Pour rappel, la loi Climat-Résilience d'août 2021 a gravé deux caps : diviser par deux la consommation d'espaces naturels, agricoles et forestiers entre 2021 et 2031, puis atteindre le ZAN en 2050. C'est cette trajectoire, jugée trop rigide par de nombreux élus, que TRACE entend assouplir sans renoncer à l'objectif final.
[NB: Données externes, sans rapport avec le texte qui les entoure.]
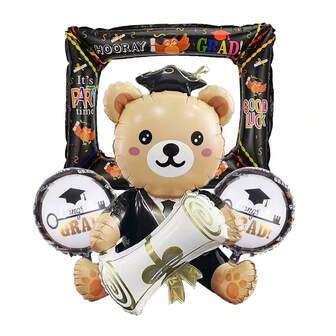 4 件套毕业派对铝箔气球套装、毕业框架气球、学士学位气球、毕业照道具、毕业派对装饰品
Derrière le bras de fer législatif se cache un dilemme devenu omniprésent dans l'aménagement du territoire : comment loger, produire l'économie sans bétonner davantage ? La proposition de loi TRACE relance le débat : pour les uns, elle offre une bouffée d'oxygène aux maires qui peinent à adapter leurs documents d'urbanisme ; pour les autres, elle risque d'éroder un cap écologique difficile à tenir.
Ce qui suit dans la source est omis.